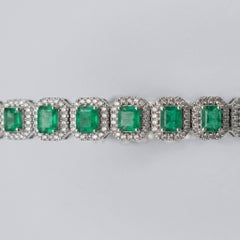 Bracelet « tennis » en or blanc 18 carats, serti d'émeraudes et de diamants en halo, d'un poids total de 12,50 carats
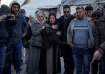 Palestinians react next to the bodies of their relatives who were killed in the Israeli bombardment 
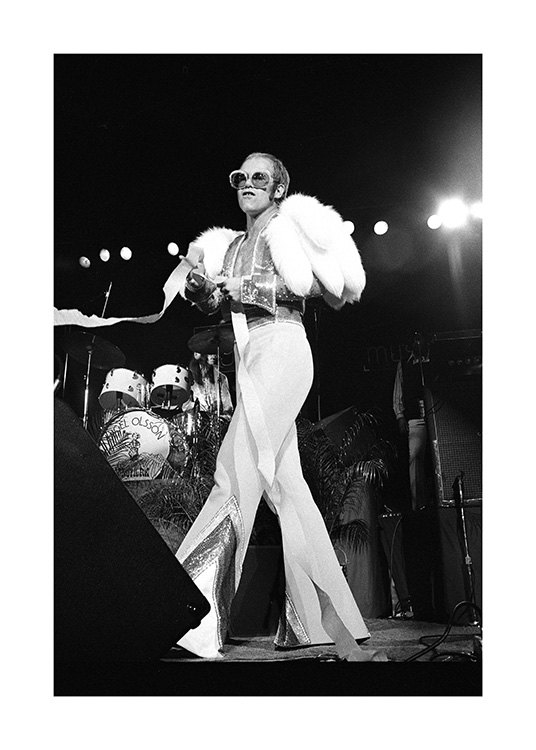  – Mustavalkoinen valokuva laulaja Elton Johnista lavalla yllään valkoinen haalari ja aurinkolasit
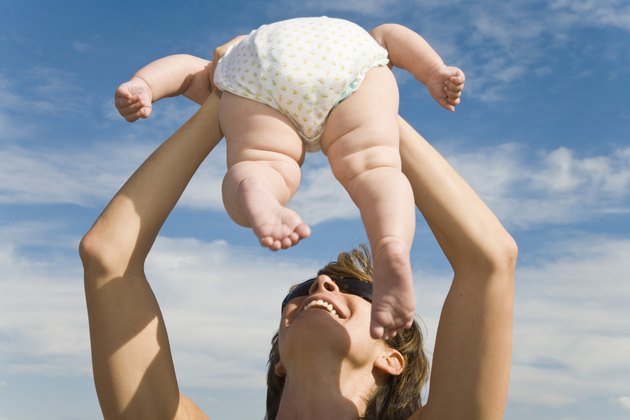 Mother holding baby up in air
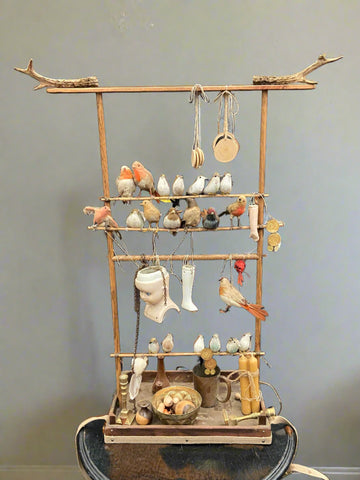 Unusual prop make wooden frame full of odd knick-knacks such as toy birds, candles, a candlestick, animal antlers, and crockery. It looks like it was designed to be worn, for example by a street vendor.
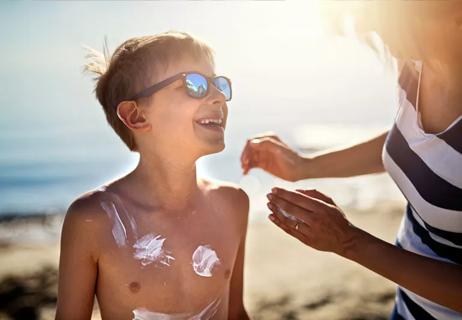 Mother applies sunscreen to son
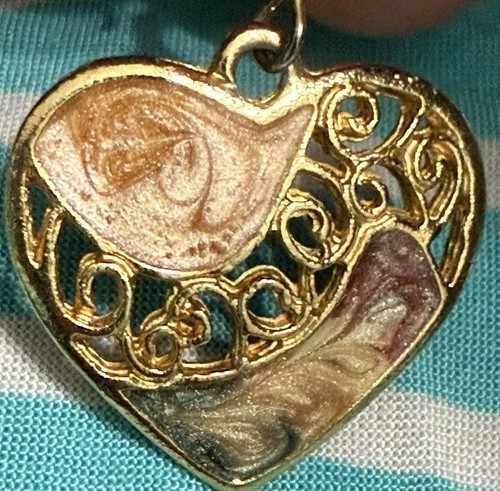 Gold-tone dangle drop heart pendant with filigree swirl and two enamel heart accents on a teal fabric background.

• **ASSIGNMENT**:
In the data above, find the line with "Unusual prop make" and the line with "Mother applies sunscreen to son". Please copy exactly those two lines and every line between them, but not the pictures.

• **ANSWER SPACE**:
 Unusual prop make wooden frame full of odd knick-knacks such as toy birds, candles, a candlestick, animal antlers, and crockery. It looks like it was designed to be worn, for example by a street vendor.
 Mother applies sunscreen to son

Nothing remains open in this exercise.